TRY IT
Return, word for word, every entry in the listing below, but not its images.
* * * * * * * * *
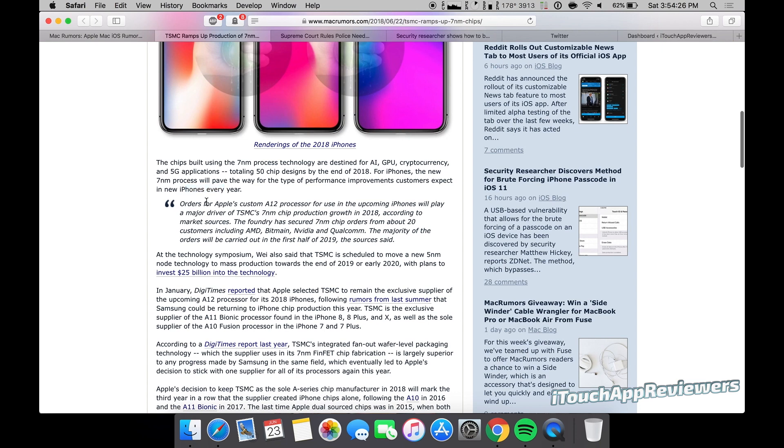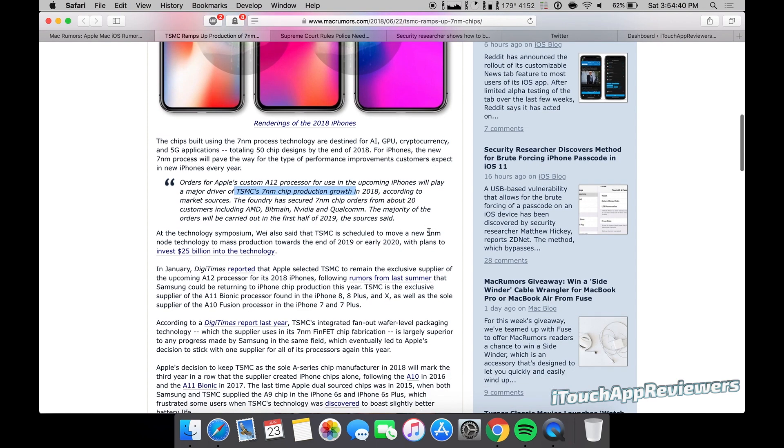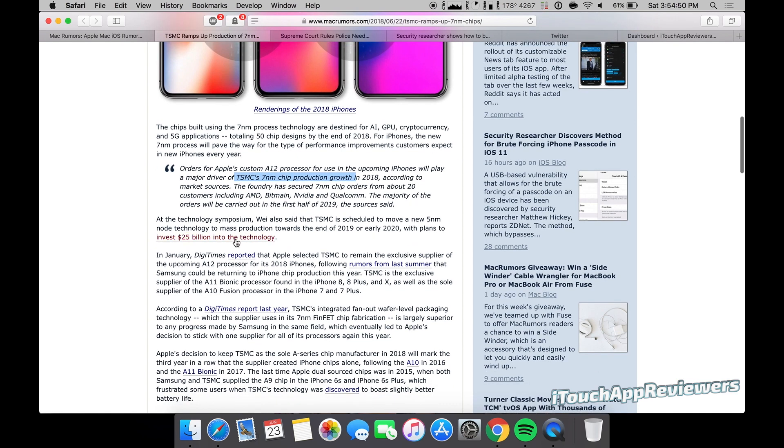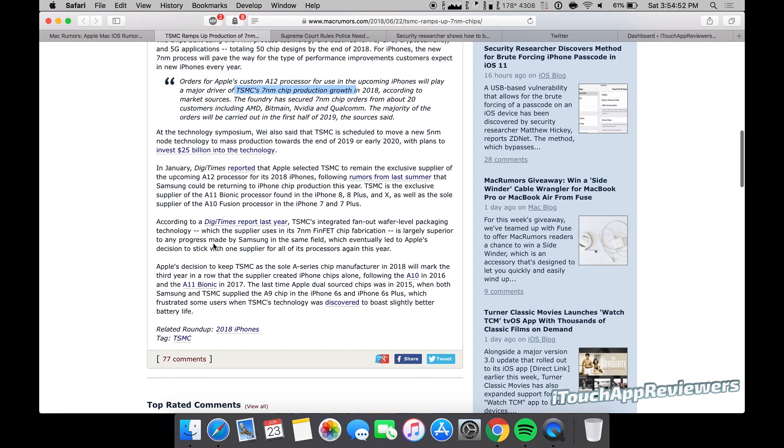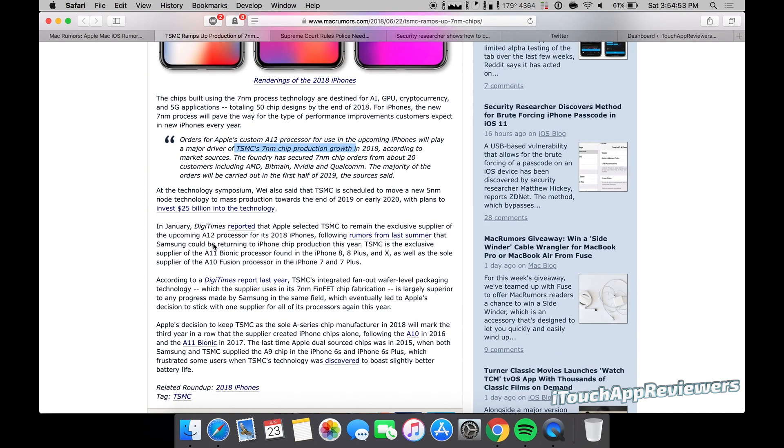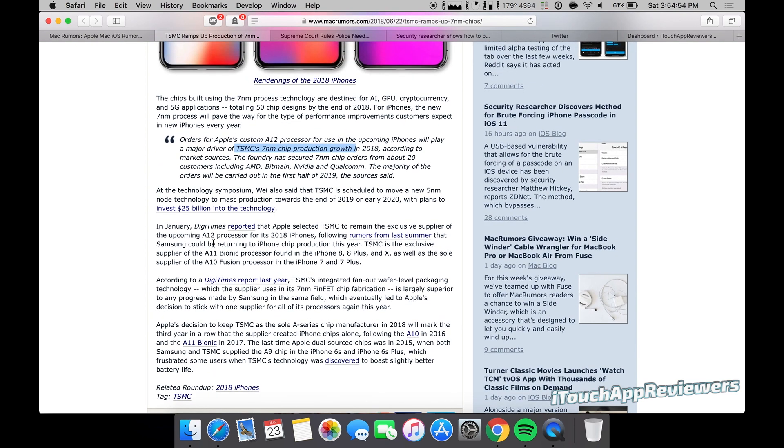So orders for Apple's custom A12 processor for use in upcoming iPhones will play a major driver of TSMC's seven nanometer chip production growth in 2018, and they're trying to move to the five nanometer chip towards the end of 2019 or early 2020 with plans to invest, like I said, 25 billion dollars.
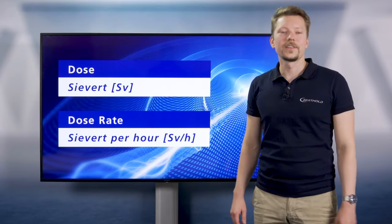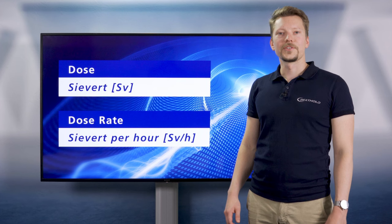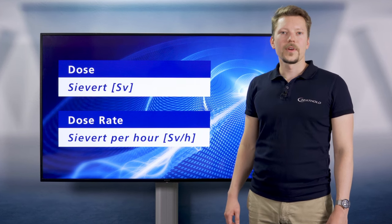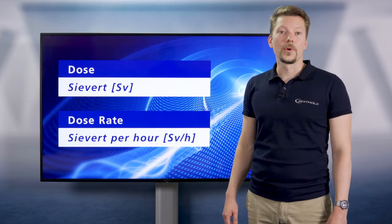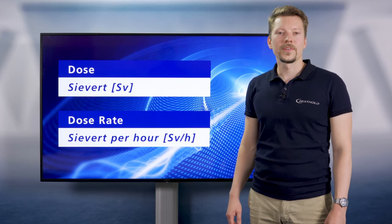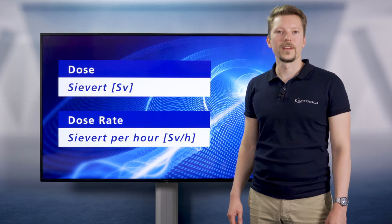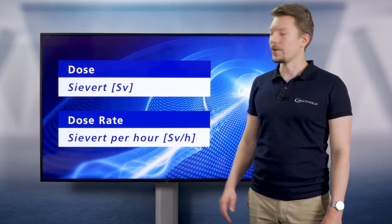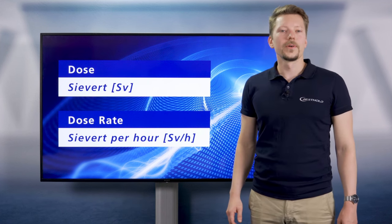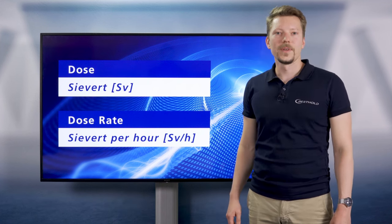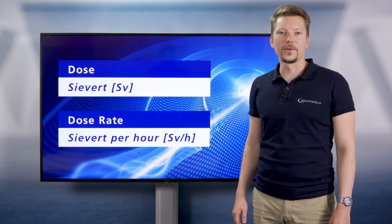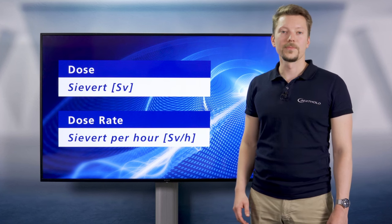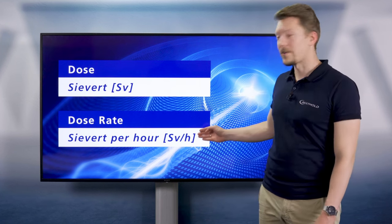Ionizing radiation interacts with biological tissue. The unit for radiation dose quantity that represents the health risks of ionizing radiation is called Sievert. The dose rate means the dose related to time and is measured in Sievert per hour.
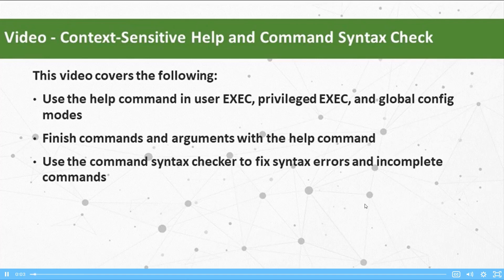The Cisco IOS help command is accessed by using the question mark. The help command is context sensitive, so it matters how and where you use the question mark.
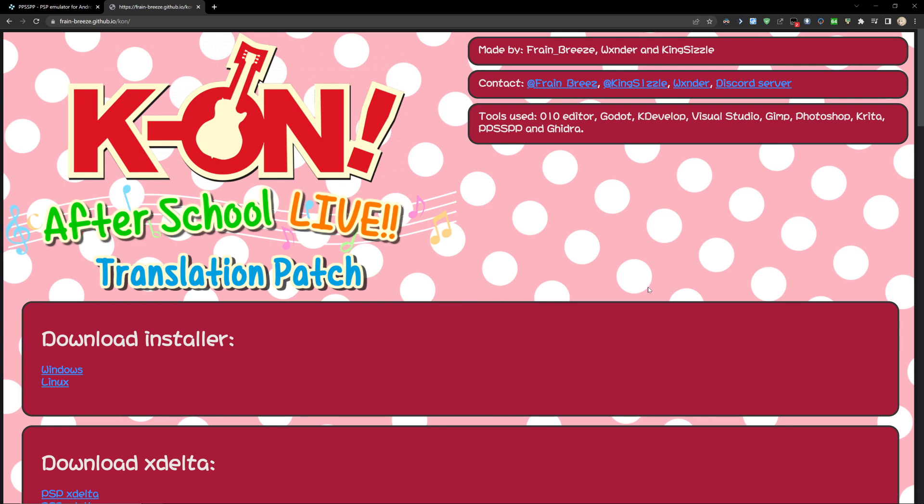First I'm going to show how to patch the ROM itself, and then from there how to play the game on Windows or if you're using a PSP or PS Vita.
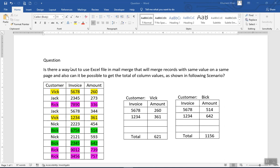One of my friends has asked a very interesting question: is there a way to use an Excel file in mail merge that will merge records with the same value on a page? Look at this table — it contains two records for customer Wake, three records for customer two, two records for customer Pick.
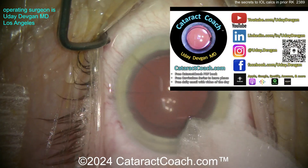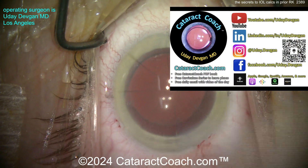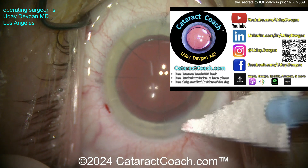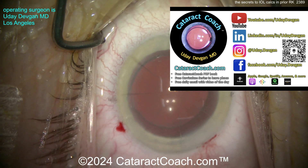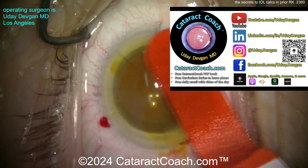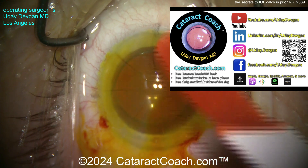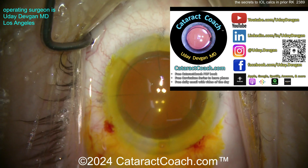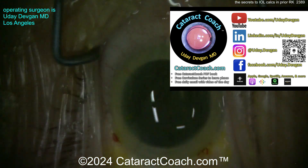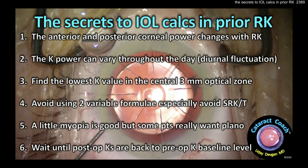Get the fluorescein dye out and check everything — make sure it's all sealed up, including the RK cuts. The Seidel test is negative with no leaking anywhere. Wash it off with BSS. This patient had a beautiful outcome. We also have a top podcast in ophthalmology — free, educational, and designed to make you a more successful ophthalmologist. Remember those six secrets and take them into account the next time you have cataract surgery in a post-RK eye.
* * * * * * * * *
THE ANSWER
So orders for Apple's custom A12 processor for use in upcoming iPhones will play a major driver of TSMC's seven nanometer chip production growth in 2018, and they're trying to move to the five nanometer chip towards the end of 2019 or early 2020 with plans to invest, like I said, 25 billion dollars.
Ionizing radiation interacts with biological tissue. The unit for radiation dose quantity that represents the health risks of ionizing radiation is called Sievert. The dose rate means the dose related to time and is measured in Sievert per hour.
The Cisco IOS help command is accessed by using the question mark. The help command is context sensitive, so it matters how and where you use the question mark.
First I'm going to show how to patch the ROM itself, and then from there how to play the game on Windows or if you're using a PSP or PS Vita.
One of my friends has asked a very interesting question: is there a way to use an Excel file in mail merge that will merge records with the same value on a page? Look at this table — it contains two records for customer Wake, three records for customer two, two records for customer Pick.
Get the fluorescein dye out and check everything — make sure it's all sealed up, including the RK cuts. The Seidel test is negative with no leaking anywhere. Wash it off with BSS. This patient had a beautiful outcome. We also have a top podcast in ophthalmology — free, educational, and designed to make you a more successful ophthalmologist. Remember those six secrets and take them into account the next time you have cataract surgery in a post-RK eye.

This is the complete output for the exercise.